Die außenpolitische Botschaft der Wähler ist laut Rohani: Freundschaft und nicht Feindseligkeit, Frieden und nicht Gewalt, Mäßigung und nicht Extremismus, Versöhnung und nicht Streit. Er werde nun versuchen, in den nächsten vier Jahren diese Forderungen des Volkes umzusetzen.
Gratulation aus Berlin
Bundesaußenminister Sigmar Gabriel gratulierte dem Wahlsieger und erklärte, Deutschland wolle die verstärkte Zusammenarbeit in den Bereichen Wirtschaft, Wissenschaft und Kultur fortsetzen. Dieser Sieg sei ein Zeichen für die breite Unterstützung in der Bevölkerung für den Weg der wirtschaftlichen und politischen Öffnung, den die Islamische Republik seit dem Atomabkommen eingeschlagen habe, so Gabriel. Der Grünen-Außenpolitiker Omid Nouripour, der neben der deutschen auch die iranische Staatsangehörigkeit besitzt, sieht die Wiederwahl als Signal für internationalen Dialog und der Öffnung Irans.
Nach amtlichen Angaben hatten mehr als 73 Prozent der insgesamt 56 Millionen Wahlberechtigten an der Abstimmung teilgenommen. Wegen des großen Andrangs hatte das Innenministerium die Abstimmung am Freitag um mehrere Stunden verlängert. Die Wahllokale wurden erst um Mitternacht (Ortszeit) geschlossen.
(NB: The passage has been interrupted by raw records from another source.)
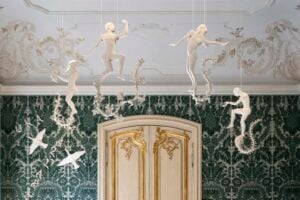 Mostriciattoli di ceramica dentro e fuori i palazzi storici di Milano. La città celebra l’artista Diego Cibelli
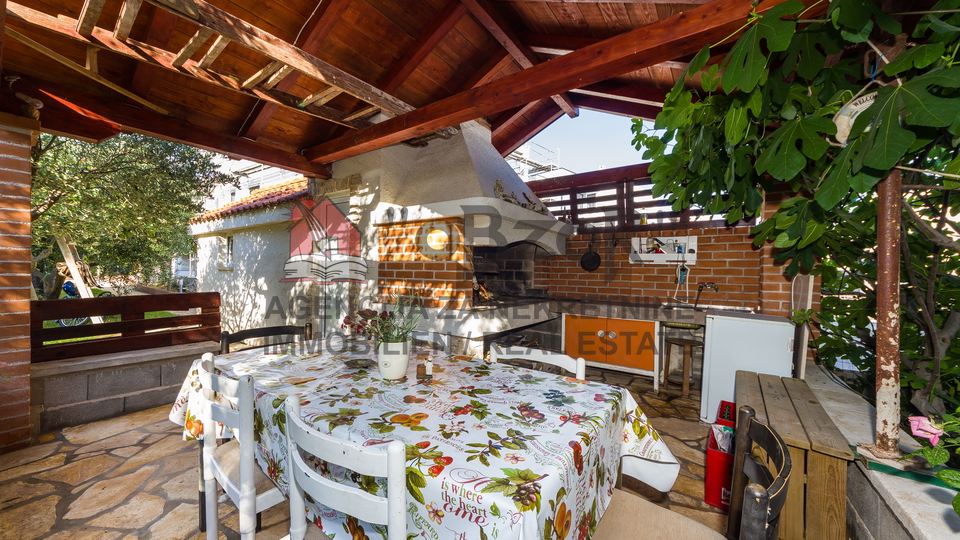 Casa, 400 m2, Vendita, Zadar - Višnjik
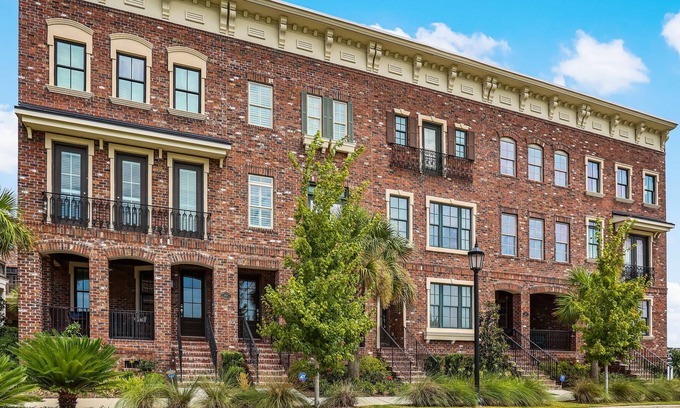 Hitch Village - Fred Wessels Homes Casa | Beautiful Upper East River Retreat! - Garage Parking Included!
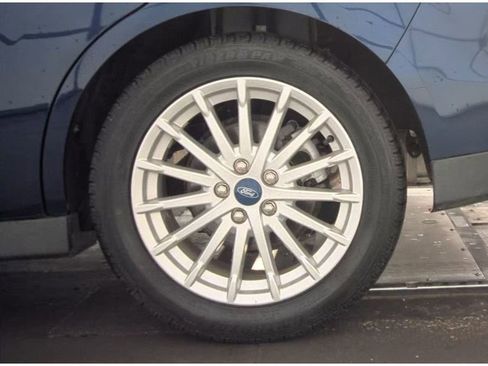 Used 2016 Ford C-MAX SE image 22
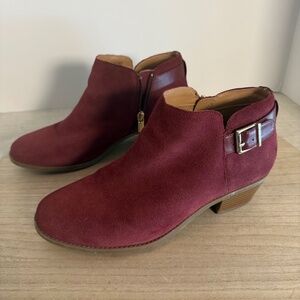 Vionic Women’s Ankle Boots Burgundy Suede Leather Buckle Booties US 9 Orthotic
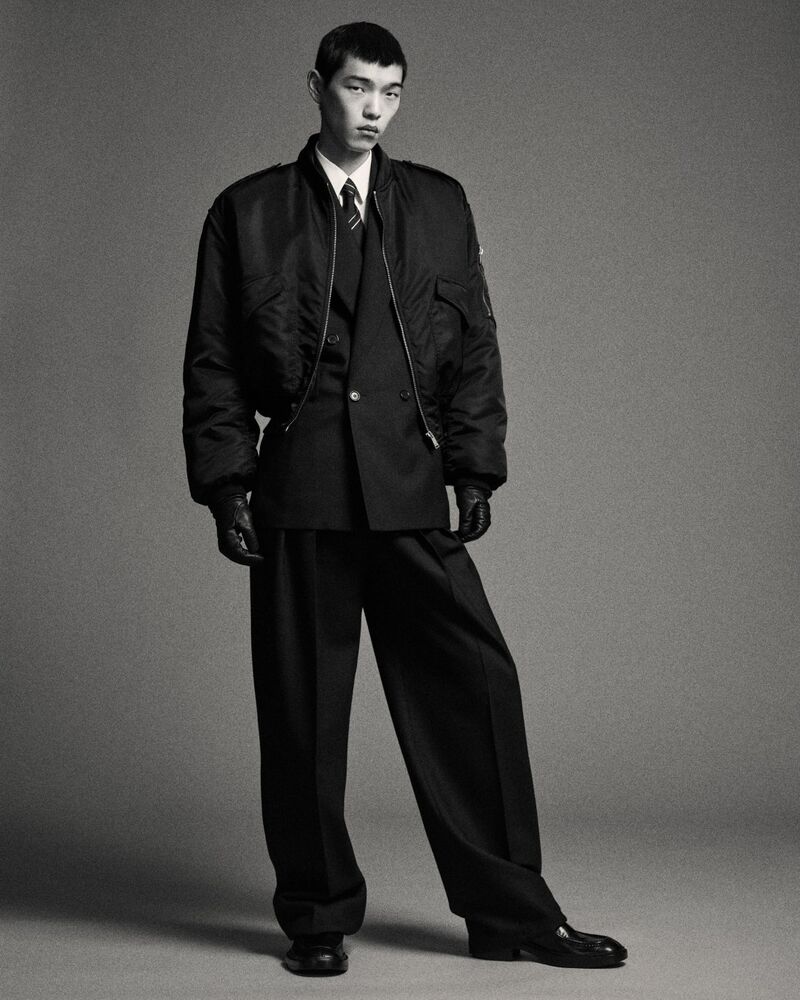 low-waisted pants in wool chiné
Wirtschaftssanktionen weitgehend aufgehoben
Viele Bürger sahen in der Abstimmung eine Richtungswahl. Die Wähler setzten auf das Versprechen des Amtsinhabers, das Land weltoffener und liberaler zu gestalten und die durch internationale Strafmaßnahmen geplagte Wirtschaft wieder anzukurbeln. In die Präsidentschaft Rohanis fiel das Atomabkommen Irans mit den Weltmächten. Im Gegenzug wurden die meisten Wirtschaftssanktionen aufgehoben.
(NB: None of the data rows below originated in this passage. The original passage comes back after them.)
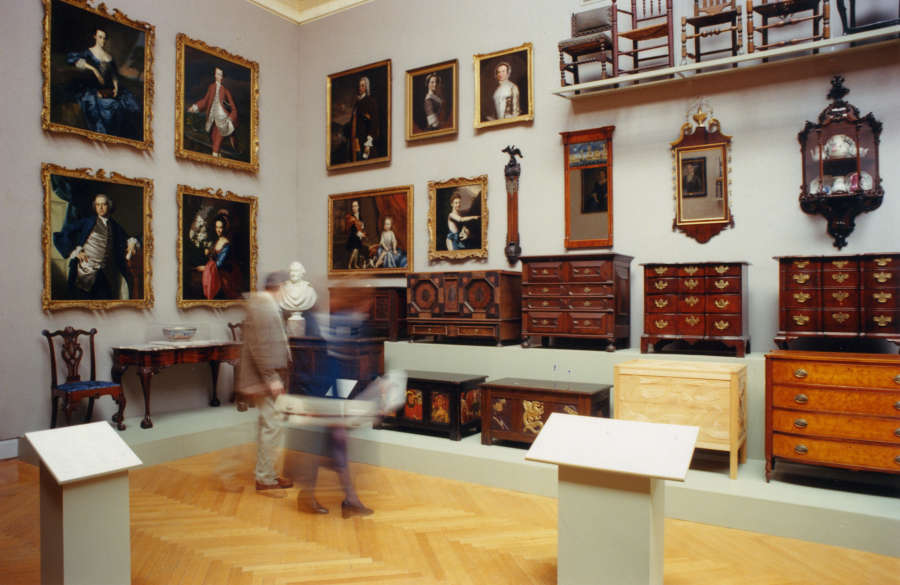 view exhibition image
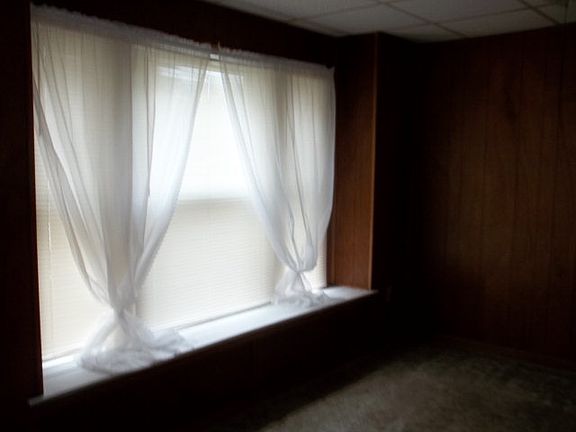 4th image of 221 Hane Ave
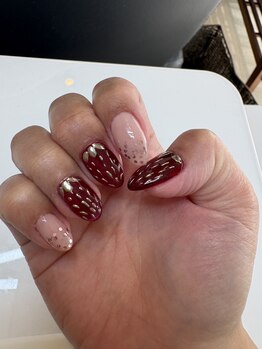 エム ネイル アンド アイ(M NAIL and EYE)/いちごネイル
Raeissi dagegen gilt als enger Vertrauter des geistlichen und politischen Führers Ajatollah Ali Chamenei. Dieser hat in allen Belangen ein Vetorecht. Er hat die Kontrolle über Streitkräfte und Justiz. So war es Rohani in seiner ersten vierjährigen Amtszeit nicht möglich, den Hausarrest für Reformpolitiker aufzuheben. Die Medien durften weder Worte noch Bilder des früheren reformorientierten Präsidenten Mohammad Chatami veröffentlichen.
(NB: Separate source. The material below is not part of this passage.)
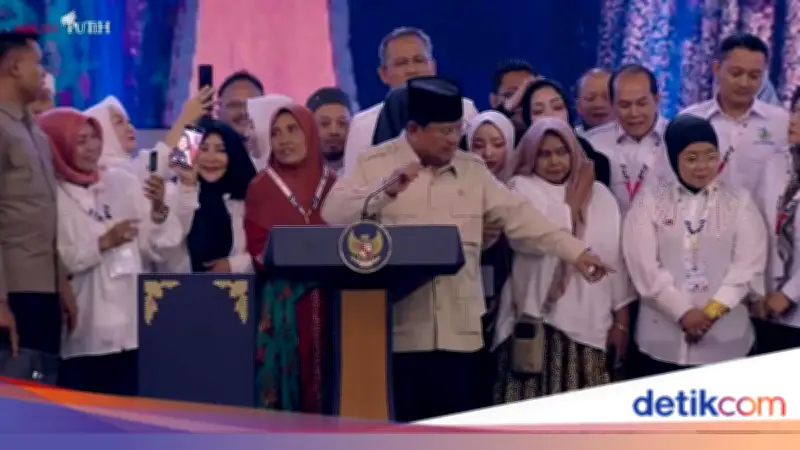 Prabowo Bawa Ayam Goreng MBG, Peringatkan Mitra Jangan Potong Lebih 14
Zurückhaltende Reaktion der USA
In einer ersten Stellungnahme reagierten die USA mit Zurückhaltung. Außenminister Rex Tillerson sagte, er hoffe, dass Rohani seine neue Amtszeit nutze, das iranische Netzwerk zur Terror-Unterstützung abzubauen, die ballistischen Raketentests zu beenden und die Rechte für das iranische Volk wiederherzustellen. Tillerson äußerte sich am Rande des Besuchs von Präsident Donald Trump in der saudischen Hauptstadt Riad. Dabei machte er zugleich klar, dass er die Tür zu Gesprächen mit seinem iranischen Amtskollegen offenhalte, wenn solche Kontakte produktiv seien.
Deutsche Wirtschaft erleichtert
Die deutsche Wirtschaft begrüßte in einer ersten Reaktion den Ausgang der Wahl. "Das Wahlergebnis
ermutigt zu mehr Handel mit dem Iran und mehr Investitionen im Land", erklärte der Präsident des Bundesverbands der Deutschen Industrie (BDI), Dieter Kempf. Er wertete das Ergebnis als klares Bekenntnis zum Kurs der politischen und wirtschaftlichen Öffnung des Landes. "Dies würde die Wirtschaft stärken und die liberalen Kräfte im Iran unterstützen", sagte der BDI-Präsident. Entscheidend sei nun, dass Rohani im Kampf gegen die Arbeitslosigkeit von momentan mehr als zwölf Prozent vorankomme. Dazu benötige er aber ausländische Investitionen.